Inverse discrete cosine transform

x = idct(y)
x = idct(y,n)

## Description

The inverse discrete cosine transform reconstructs a sequence from its discrete cosine transform (DCT) coefficients. The idct function is the inverse of the dct function.

x = idct(y) returns the inverse discrete cosine transform of y

$x\left(n\right)=\sum _{k=1}^{N}w\left(k\right)y\left(k\right)\mathrm{cos}\left(\frac{\pi \left(2n-1\right)\left(k-1\right)}{2N}\right)\text{ }n=1,2,\dots N$

where

$w\left(k\right)=\left\{\begin{array}{ll}\frac{1}{\sqrt{N}}\hfill & k=1\hfill \\ \sqrt{\frac{2}{N}}\hfill & 2\le k\le N\hfill \end{array}$

and N = length(x), which is the same as length(y). The series is indexed from n = 1 and k = 1 instead of the usual n = 0 and k = 0 because MATLAB® vectors run from 1 to N instead of from 0 to N-1.

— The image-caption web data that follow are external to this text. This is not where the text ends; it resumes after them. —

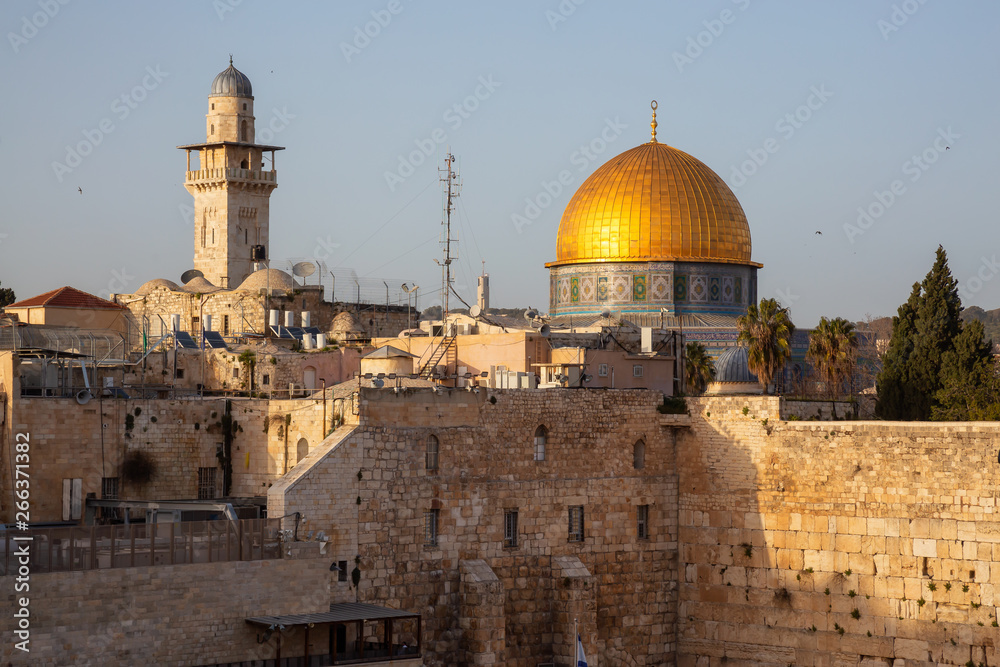 View of the Dome of the Rock and the Western Wall in the Old City during a sunny evening before sunset. Taken in Jerusalem, Israel.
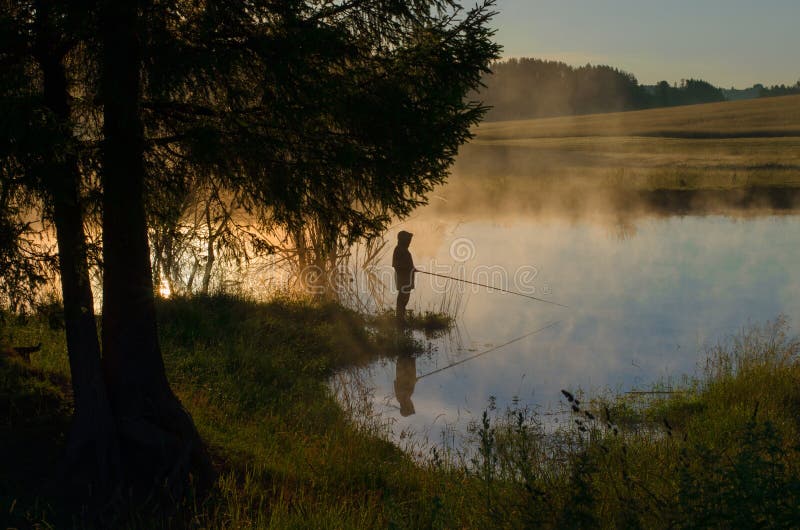 Ein Fischer auf einem bewaldeten See im Nebel lizenzfreie stockfotografie Ein Fischer auf einem bewaldeten See im Nebel lizenzfreie stockfotografie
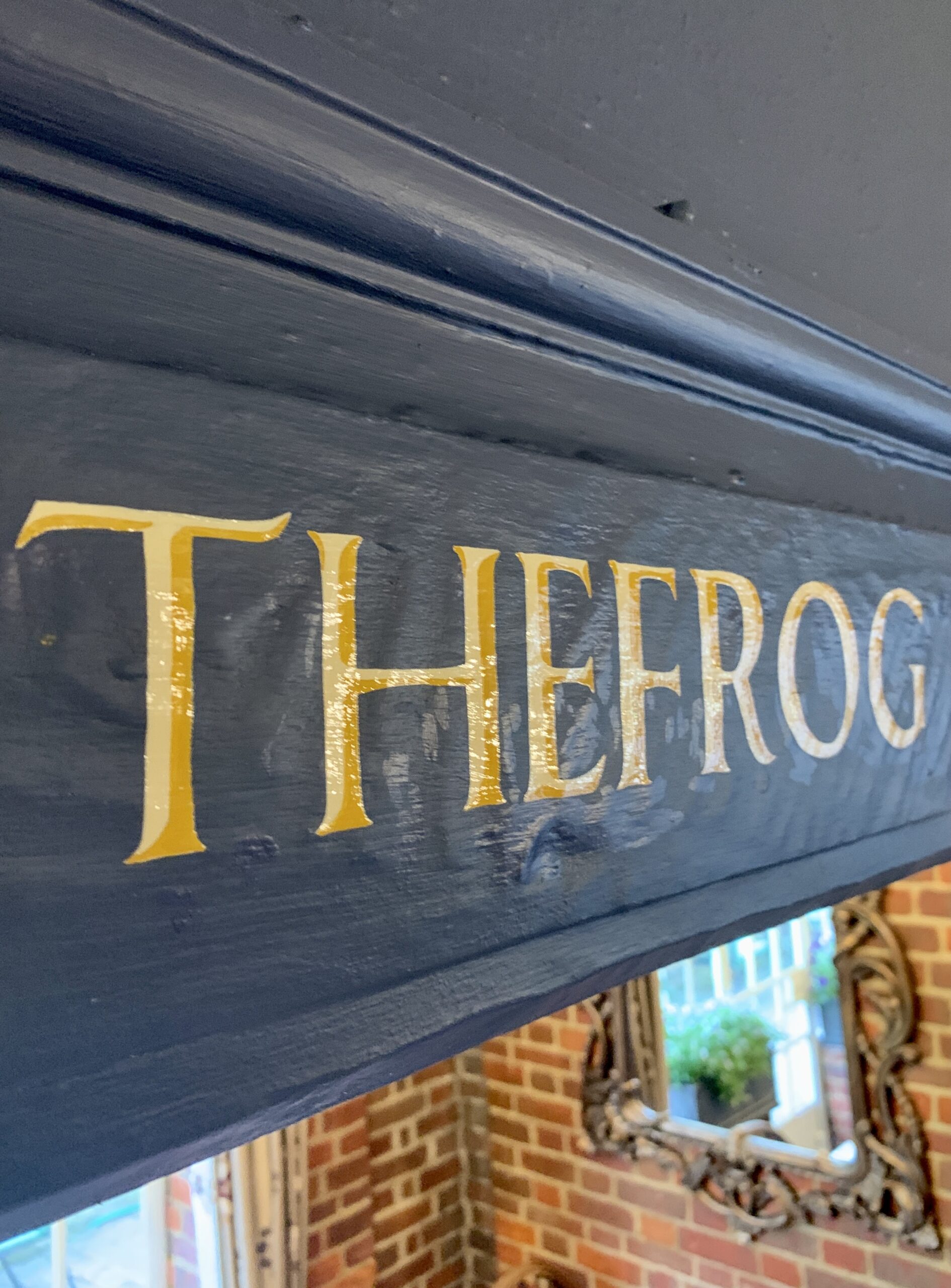 Traditionally hand-painted interior signwork at The Frog in Skirmett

x = idct(y,n) appends zeros or truncates the vector y to length n before transforming.

If y is a matrix, idct transforms its columns.

## References

[1] Jain, A.K., Fundamentals of Digital Image Processing, Prentice-Hall, 1989.

[2] Pennebaker, W.B., and J.L. Mitchell, JPEG Still Image Data Compression Standard, Van Nostrand Reinhold, 1993, Chapter 4.